(Bloomberg) - Credit portfolio managers are forecasting a rise in corporate defaults in the coming year while more than four-out-of-five participants see a chance of a US recession in 2023, according to a survey by the International Association of Credit Portfolio Managers.
The poll found that 81% of fund managers see defaults picking up in the next 12 months, compared with 80% in the survey last December, as reduced bank liquidity and credit risk concerns land on top of macroeconomic issues. For North American corporates, 86% of respondents see defaults rising, while 91% see defaults rising in Europe.

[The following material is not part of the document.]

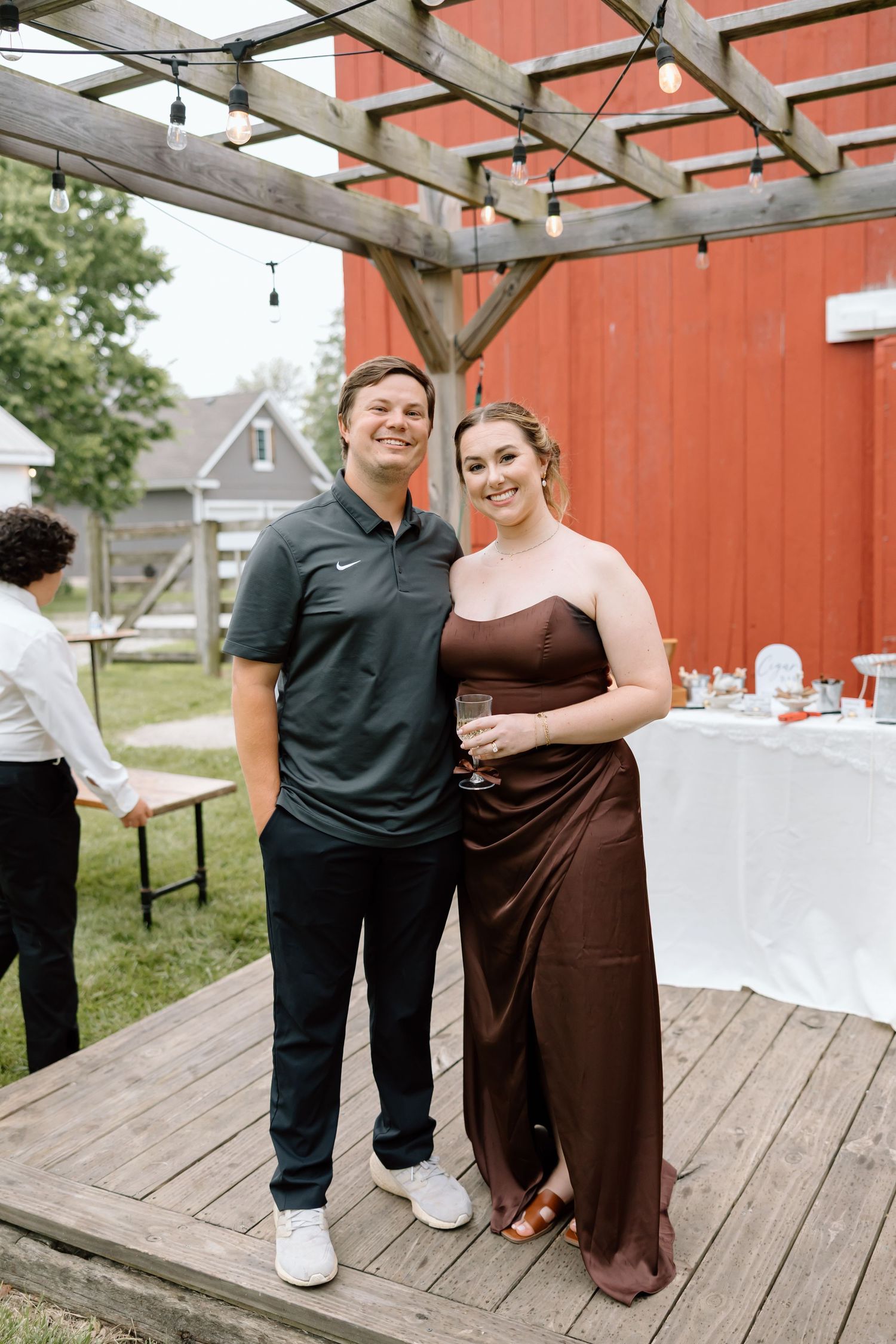 A couple poses outdoors at a rustic barn wedding reception, man in Nike polo and woman in brown satin gown.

“Our members have expected to see the impact of rising interest rates for some time and we’re beginning to see more credit stress and defaults in corporate borrowers now,” Som-lok Leung, IACPM’s executive director, wrote in a statement. “Unfortunately, this could take some time to work its way through the system.”
Survey respondents are also predicting a recession in the US, with 84% expecting one to occur sometime this year. That’s higher than the 61% of participants who see a recession this year in Europe and the UK.

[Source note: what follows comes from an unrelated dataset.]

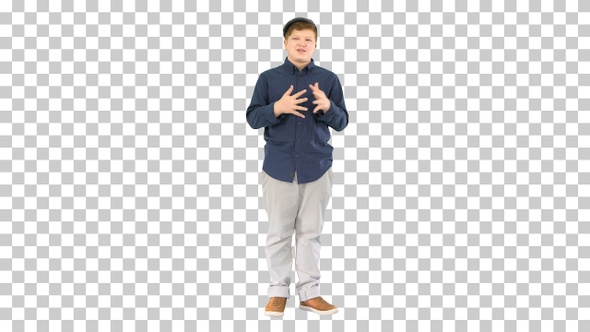 Young boy telling a story to camera, Alpha Channel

Credit spreads are expected to move higher, with almost 60% of participants seeing North American credit spreads widening over the next three months and 80% of participants forecasting high-yield spreads rising.
* Survey data provided by IACPM
IACPM survey participants see certain industries like health care, medium-sized tech companies and defense manufacturers facing tough times in the current environment. Commercial real estate was also cited, given work-from-home trends lowering office occupancy rates and property owners having to refinance in a higher interest rate environment.
The IACPM is composed of more than 130 financial institutions across 30 countries and its members include portfolio managers at commercial banks, investment banks and asset managers, the organization said on its website.